Lyft started the year awash in red ink with all signs at the time pointing to this continuing. In its first earnings report after its March IPO, the company posted a $1.14 billion loss. Total costs and expenses for the quarter were $1.9 billion — up from $643 million the year before. Lyft announced that it would continue spending heavily during the year on initiatives ranging from autonomous driving to a rollout of driver maintenance centers. Investors weren’t impressed and the market reaction was to send the LYFT stock price down 19% over the next week.
Analysts had been expecting that the earliest Lyft could hit profitability was by the end of 2022. However, the company claimed in October that it will do so by the end of 2021. How, exactly, Lyft plans to become profitable is something that NYU marketing professor Scott Galloway has been critical of. Earlier this year, he told Fox Business:
“When you take a trip in Lyft and they charge you $12, it’s really costing them $20. So it’s economically irresponsible as a consumer not to take Lyft but for shareholders and investors, at some point when the music stops, this is going to be ugly.”

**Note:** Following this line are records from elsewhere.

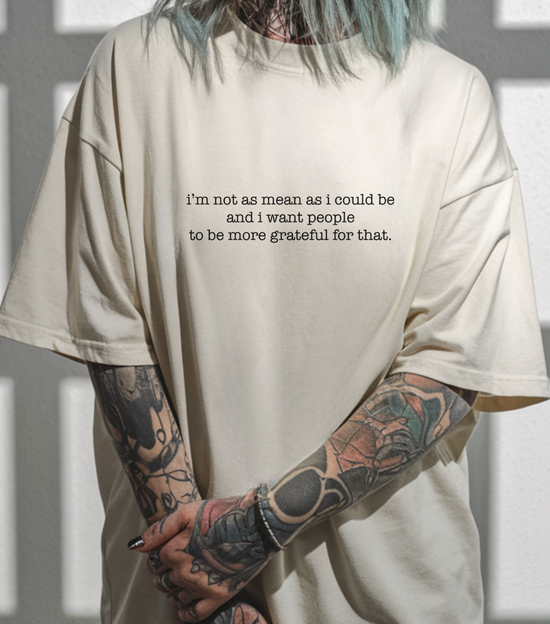 I'm Not As Mean As I Could Be And I Want People To Be More Grateful For That Unisex Tee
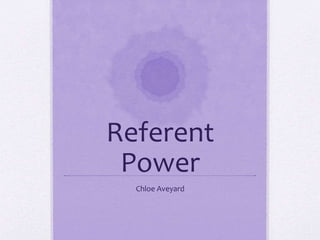 Referent
Power
Chloe Aveyard
 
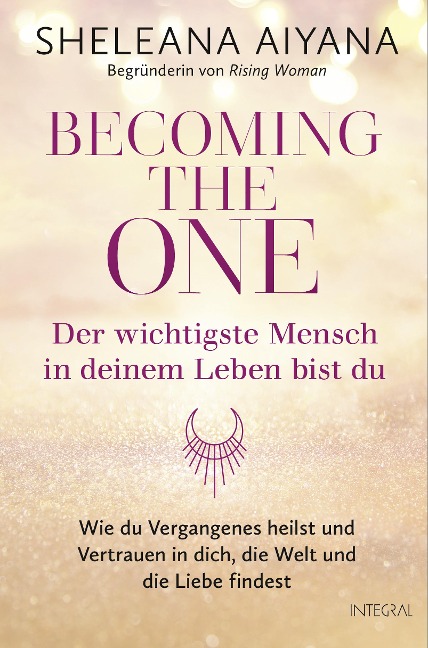 Becoming the One - Der wichtigste Mensch in deinem Leben bist du - Sheleana Aiyana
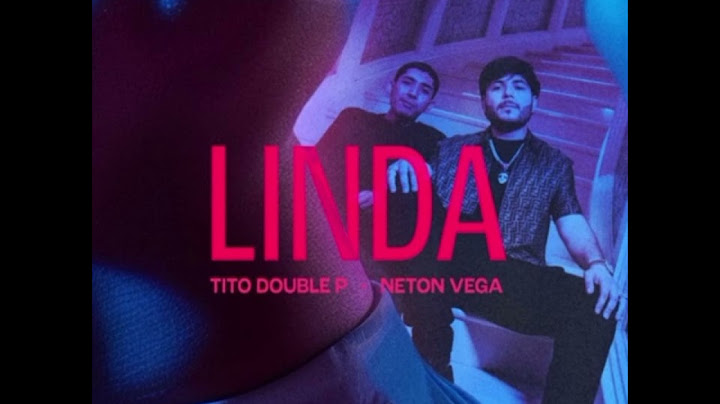 Linda- Tito Double P x Neton Vega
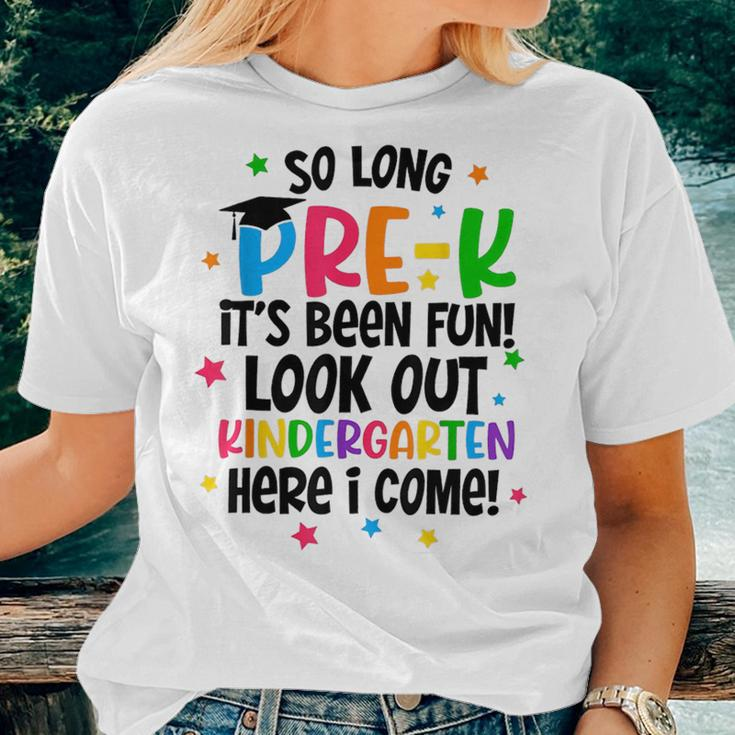 So Long Prek Its Been Fun Look Out Kindergarten Here I Come Women T-shirt Gifts for Her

Despite challenges, including legislation passed in California that forces companies to treat app-based “gig economy” workers as employees and a growing number of women suing over sexual assaults by drivers, Lyft says it is going to be profitable sooner than expected. Unlike Uber, the company has stayed away from side-businesses like food delivery and focused on the North American market rather than global expansion. In October, the company’s CEO spoke at a conference, where he said that Lyft had been cutting back on rider and driver subsidies, turning its focus to profitable growth rather than scale. He told conference attendees:
“We’ve never laid out our path to profitability, and we know that’s a question on a lot of investors’ minds. We’re going to be profitable on an adjusted Ebidta basis a year before analysts expect us to. We’re going to hit this target in Q4 2021.”
Music to investors’ ears, that statement caused Lyft stock to surge 9% on the day.
Bottom Line for LYFT
Ride sharing companies remain a gamble. There are many forces conspiring against them, from legislation that gives drivers expensive rights to cities that ban their use altogether, to the risk that consumers will balk at more reasonable (profitable) rates. That being said, LYFT has convinced investment analysts that is positioned for profitability, and sooner than anyone was expecting. Lyft stock is on the track to continued recovery in 2020 and if those analysts are right, it could well come close to hitting those lofty IPO levels once again this year.
As of this writing, Brad Moon did not hold a position in any of the aforementioned securities.